You can run the app in development mode:

$ cd ./tunafish
$ npm run dev

Or build it for deployment:

$ cd ./tunafish
$ npm build
$ npm start

The app will run on http://localhost:3000

Via docker

You can run a pre-created image:

$ docker run -t -i -d -p 5050:3000 --name tunafish --restart unless-stopped johnunderwood197/tunafish:latest

Or you can build locally in docker

$ ./build.sh

The app will run on http://localhost:5050

How to use the app

You will need a valid connection string and network access to an Atlas Cluster to connect.

Once connected you can select an existing search index for your collection or create a new one.

Index Builder

When the user opts to create a new index the app uses the mongodb-schema package (as used by Compass) to retrieve 1000 samples and generate a schema analysis.With the schema analysis the application is able to make suggestions for how to index different fields for search. The user is guided through a 'placeholder' search application which provides visual cues to help them construct the search experience for their app.

The tutorial covers three sections: facets, autocomplete (search bar), and search fields (results). When the user clicks on a section they are presented with some helpful information, links to documention, and a dropdown of suggestd fields that they can select to create a new search index defintion.

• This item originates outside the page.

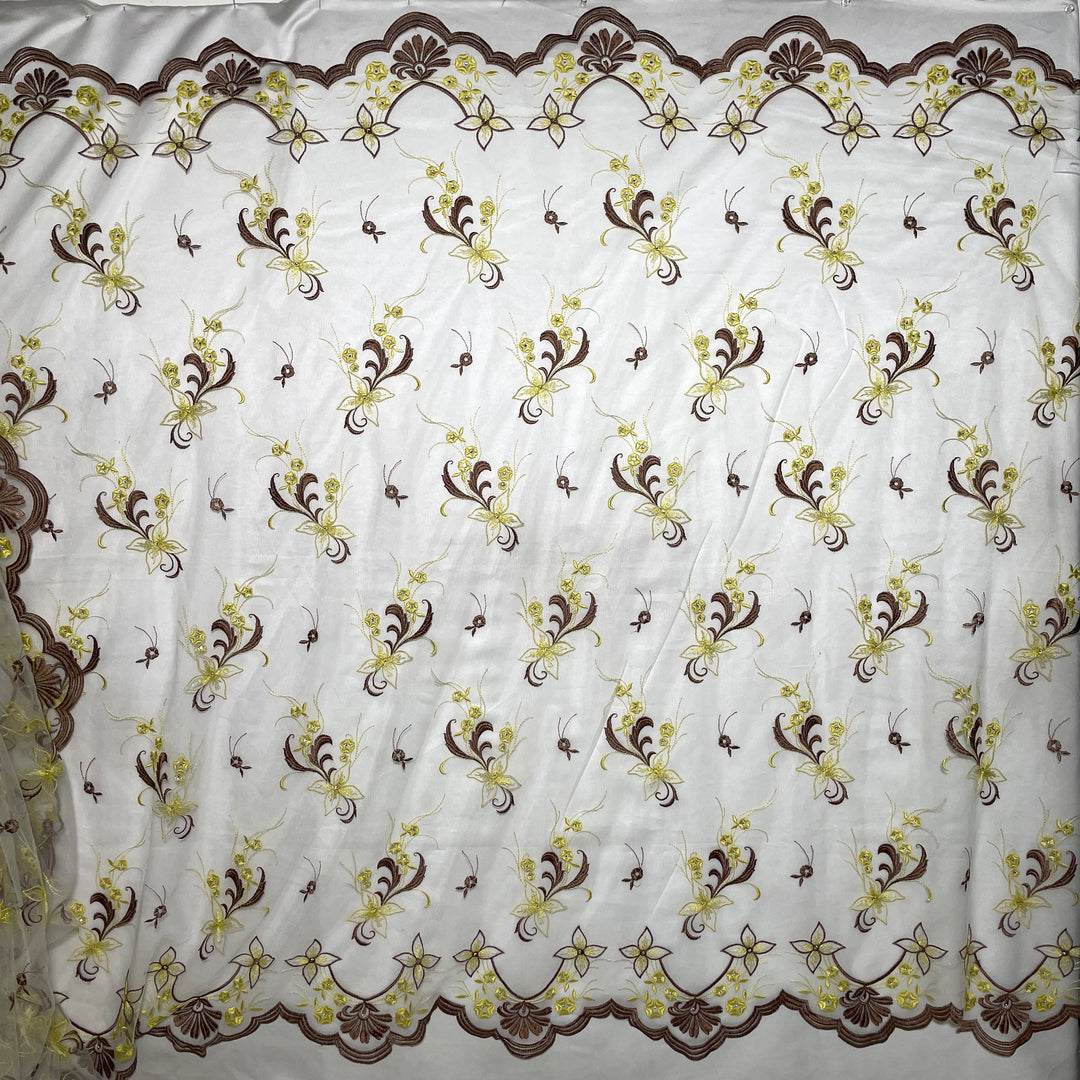 Beaded Lace Fabric Embroidered on 100% Polyester Net Mesh | Lace USA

Once the index defintion has been built up the user can click 'deploy'. This creates the new index definition. The App waits for the new index to be built and when it completes will retrieve some data to show what the user has configured. This is the same view that is shown when the user selects an already existing index.

Query Tuner

When an existing index is selected (or after a new index is built) the Query Tuner allows the user to create search queries by picking fields to search across and giving them different 'weights'. This shows the developer how to create a search query and how to apply simple boosting rules. The tuner parses the index defintion to find out which fields can be suggested for 'string' and for 'autocomplete' queries.

The user can also select what facets to display and use them for filtering. Only string facets are currently supported.

The user can now copy the generated queries that are displayed in the UI and use it in their application or for further development in a tool such as Compass.